I personally have had a few issues with having chicks shipped by mail, so I tend to lean more towards buying what the feed store has to offer.
(3) Local Feed Store Chick Days
Another way to find poultry specifically is during your local feed store’s chick days. For those of you that don’t know, this is a time in the spring when feed stores have an inventory of adorable chicks in their stores for people to purchase. The downside is that the feedstores usually have limited stock and only a few varieties.
(4) Local Bulletin Boards
Local stores sometimes provide bulletin boards where people can post classified ads. I would check your feed store and vet office for these types of classified ads.
(5) Friends and Local Farms
The most obvious and easy way to find animals in your area is through your homesteading community. Ask friends, folks at farmer’s markets, and local farms about their animals and if they will have any available. This is especially good for buying dairy animals, since you not only are buying an animal but you can usually count on all the information you could need. Learn how to find local food sources here.
Things to Consider to Make Buying Livestock Less Stressful
You have considered all the possibilities and are now on the hunt for livestock to add to your homestead. This is an exciting time but don’t get caught up and impulse-buy the first animal you see for sale.

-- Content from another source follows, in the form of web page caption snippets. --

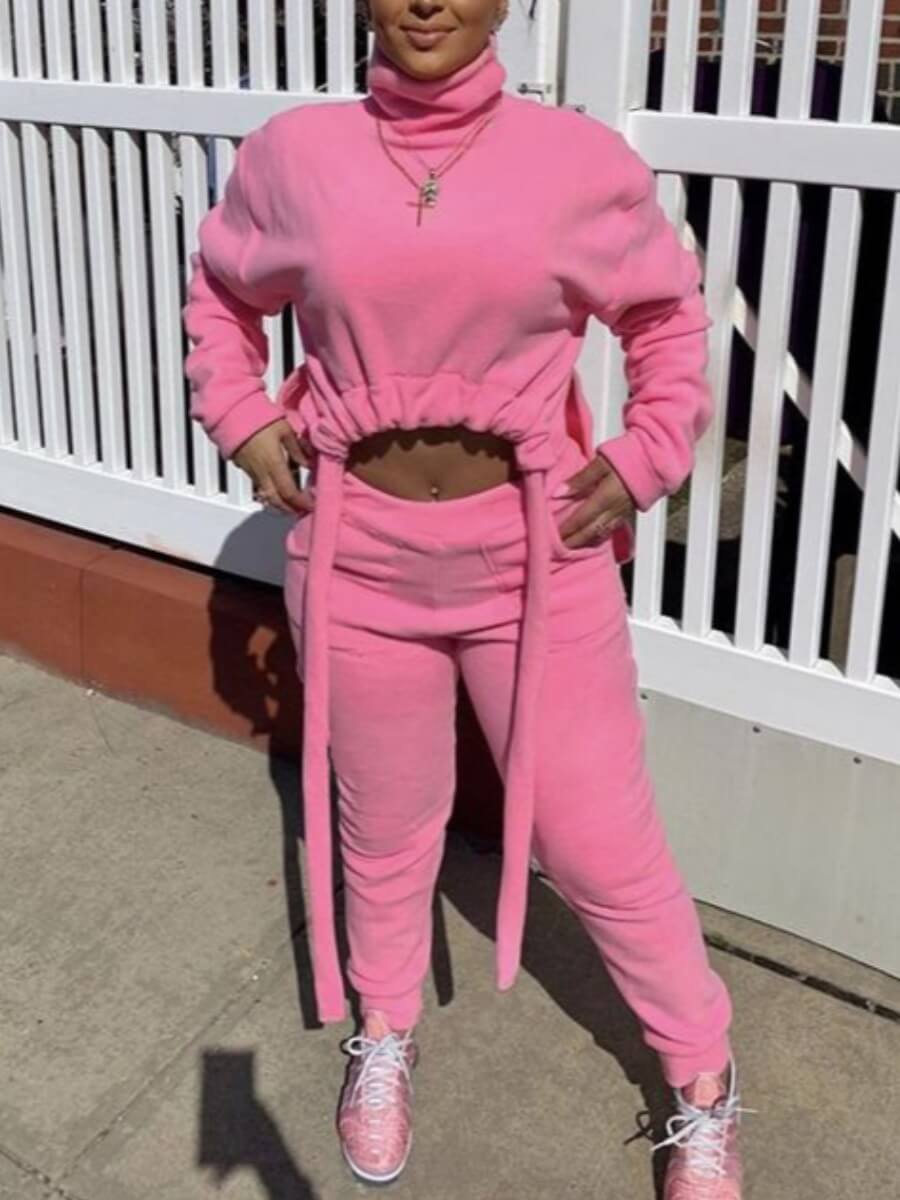 

Lovely Casual Turtleneck Drawstring Pink Two Piece Pants Set
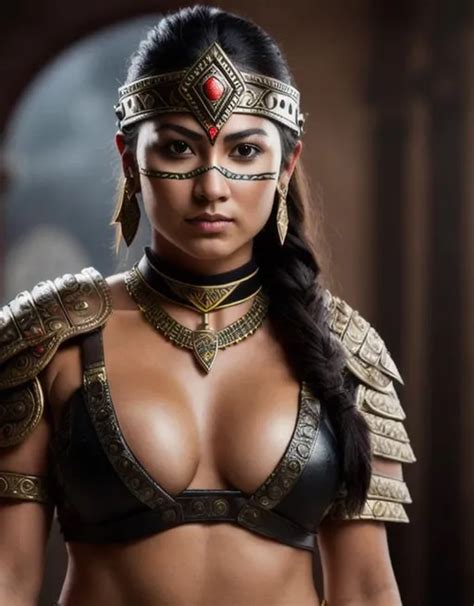 Please Produce A Picture Of A Female Aztec Warrior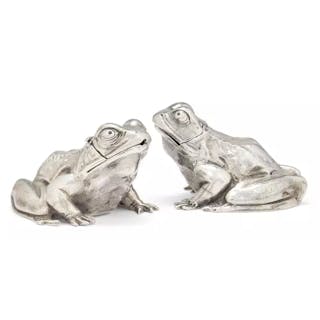 A pair of Victorian silver frog cruets John Septimus Beresford London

When you are buying an animal, you should do your homework.
(1) Know What Breed is Best For Your Homestead
You should have an idea of what livestock breed is best for your homestead. For example, not all chicken breeds are the same: some can be docile and others a bit aggressive. And if you are comparing dairy cow breeds, you may want to look at the amount of milk a breed produces.

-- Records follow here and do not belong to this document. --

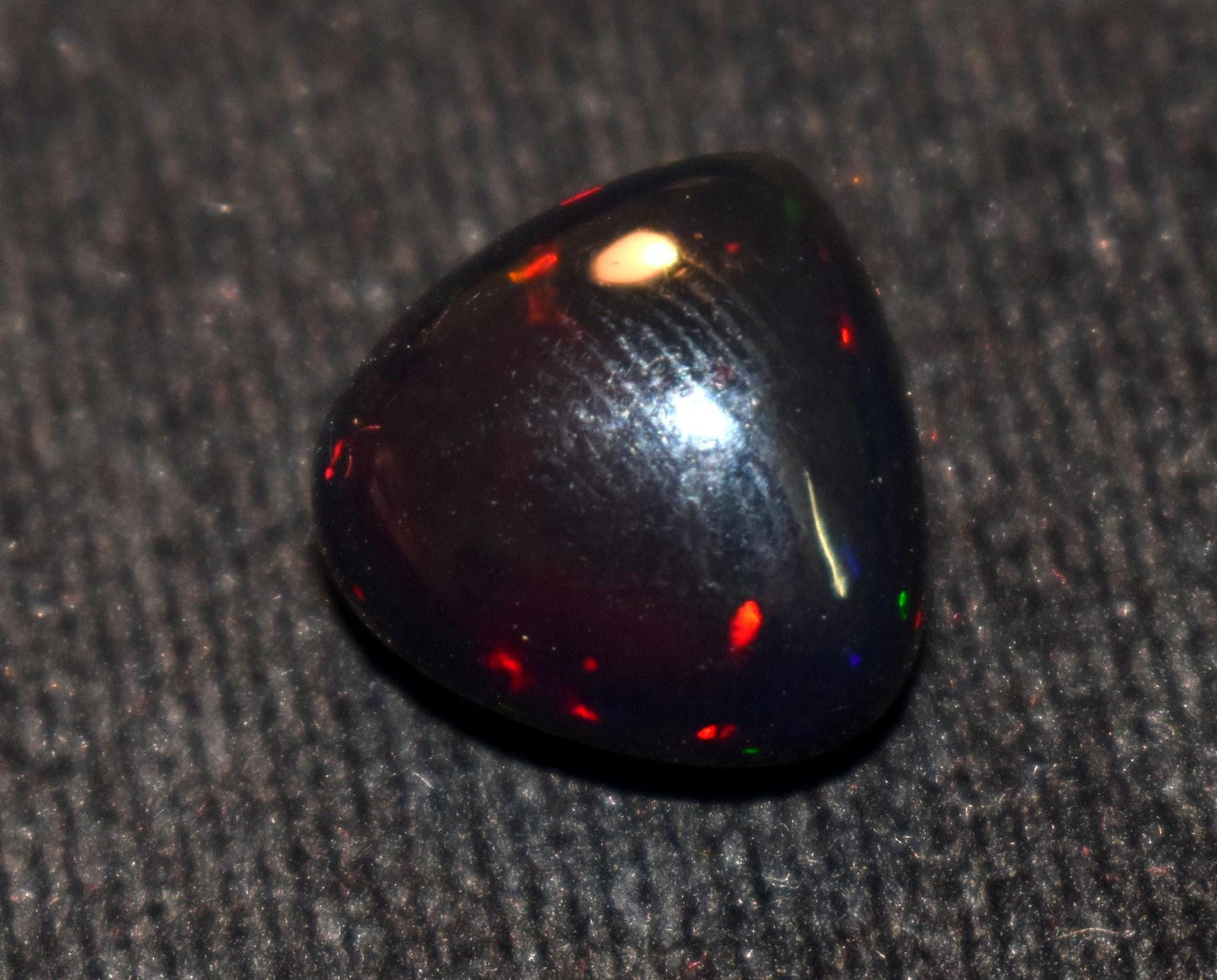 Opal, Natural Black Ethiopian Opal, Welo Fire Heart Shape Smooth Cabochon Loose Gemstone, 5.55 Ct, Size-13.5x13.5x7.5mm, For Jewelry Making,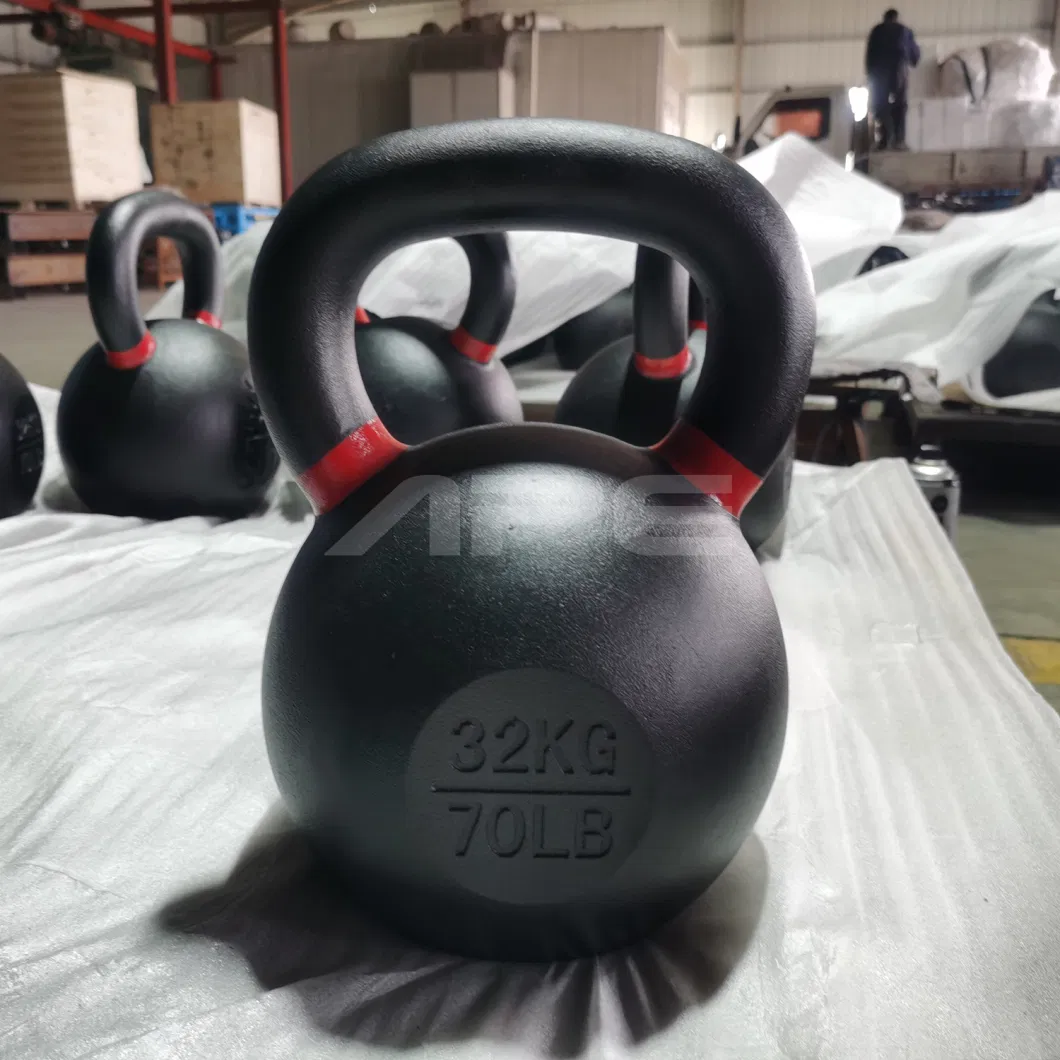 8kg Cast Iron Black Power Coated Kettlebell with Color Bands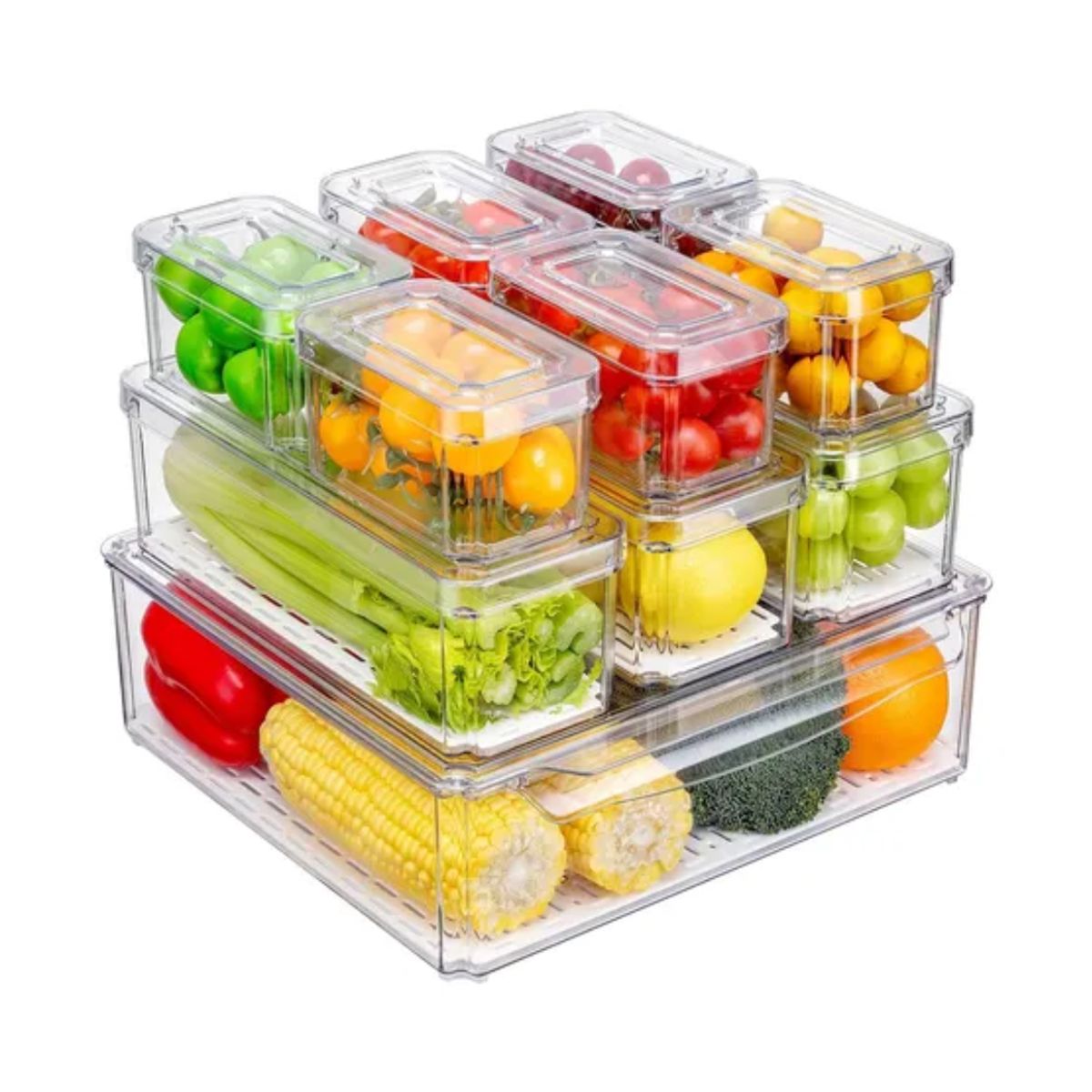 GENERICO - Juego De 7 Organizadores De Nevera Con Tapa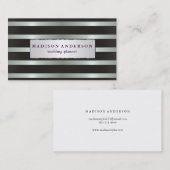 Navy Blue & White Chic Stripes in Gold Business Ca Visitekaartje (Voorkant / Achterkant)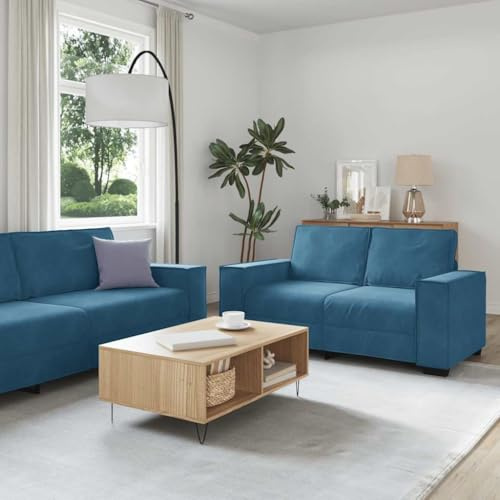 Mandloder 3-TLG. Sofagarnitur mit Kissen, Blau Samt Couch Set für Wohnzimmer, strapazierfähig, Robustes Holz- und Metallgestell, modernes Design, 1 Sessel, 1 Zweisitzer, 1 Dreisitzer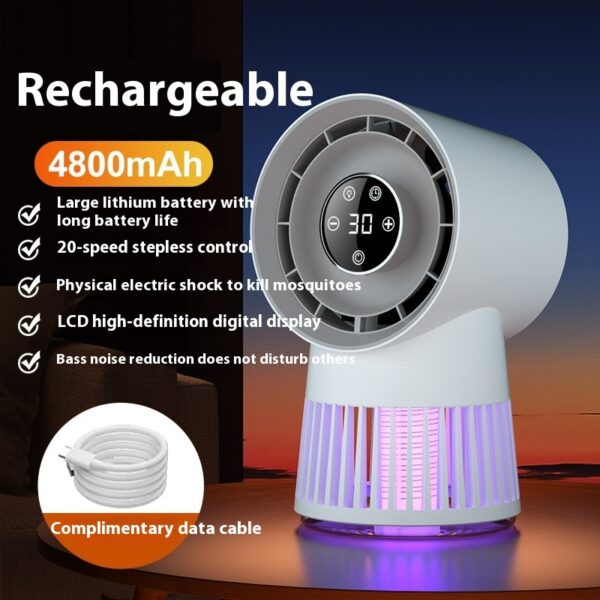 Creative 2-in-1 Mosquito Killing Mini Desk Fan Electric Mosquito Killer USB Rechargeable Fan Night Lamp Home And Outdoor Supplies - Image 6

It really depends on what you are looking for when you are buying livestock for your homestead.
(2) Find an Experienced Buyer or Friend to Help
A good place to start is to find someone with experience buying the breed of animals you are interested in and asking them what you should know before taking an animal home. The questions you need to ask may be different depending on what the animal is and what its’ purpose is going to be on your homestead. For example, you probably don’t really care about the milk production of a beef cow or a meat breed chicken’s laying ability.

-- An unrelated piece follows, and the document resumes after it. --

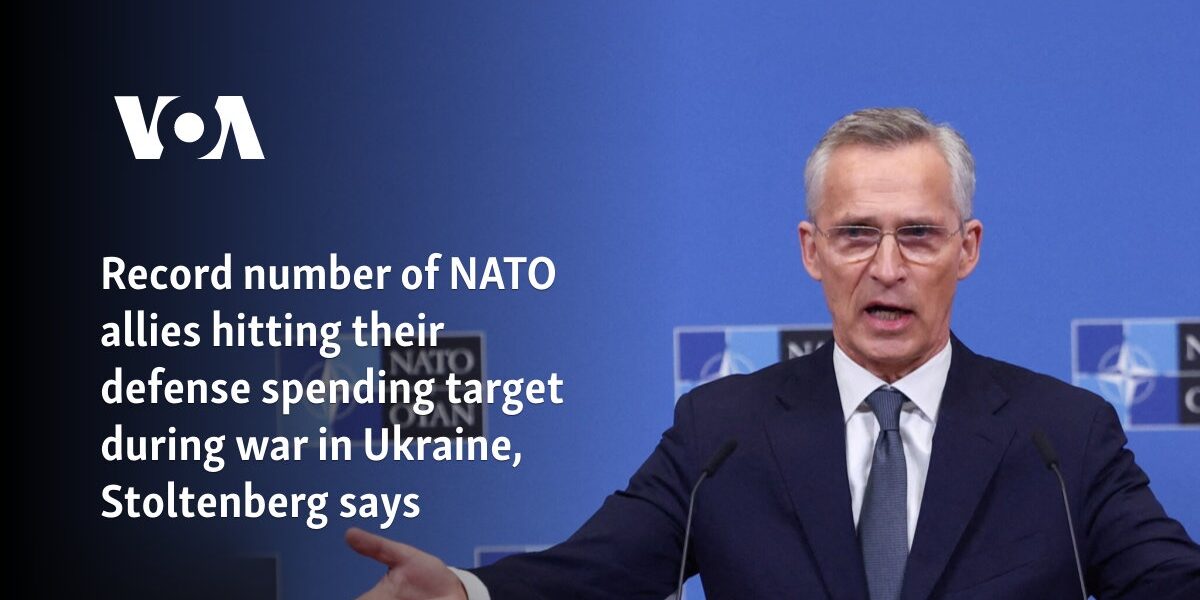 Stoltenberg: Record number of NATO allies hitting defense spending targets during war in Ukraine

(3) Check if the Animal is from a Clean Herd
There are different diseases that each species can be tested for annually. A clean herd means that your potential animal’s herd has been tested and is disease-free as of the testing date. Each species has its own different tests and diseases that are looked for. For example, it is common for goats herds to be tested for CAE and CL which are highly contagious incurable diseases.
Also, if you already have some livestock at home and you’re bringing in new animals, make sure you quarantine the newbies for a bit so that you know for sure that they aren’t bringing new diseases to your homestead.
(4) Registered or Unregistered Animals
Having registered stock isn’t always an important thing to look for, but if you are buying dairy animals, the babies will probably eventually need to be sold. It sometimes can be easier to sell purebred animals and the registration is proof on paper. For example, in our first year of homesteading, we bred our milk cow to a beef bull, so the resulting baby was a brown swiss cross, and there wasn’t much of a market for half-dairy, half-beef cows. The following year we used Artificial Insemination to get a pure brown swiss calf and it was amazing how quickly it sold.
Are You Ready to Buy Livestock for Your Homestead?
Making the decision to add livestock to your homestead can be an exciting time for you and your family. But before you bring home your animals, be sure you consider every aspect and do your homework. There is no one size fits all solution when it comes to what animals are best for homesteading. Your decisions should be based on your area, what you are allowed to add, and what you are able to provide for your livestock.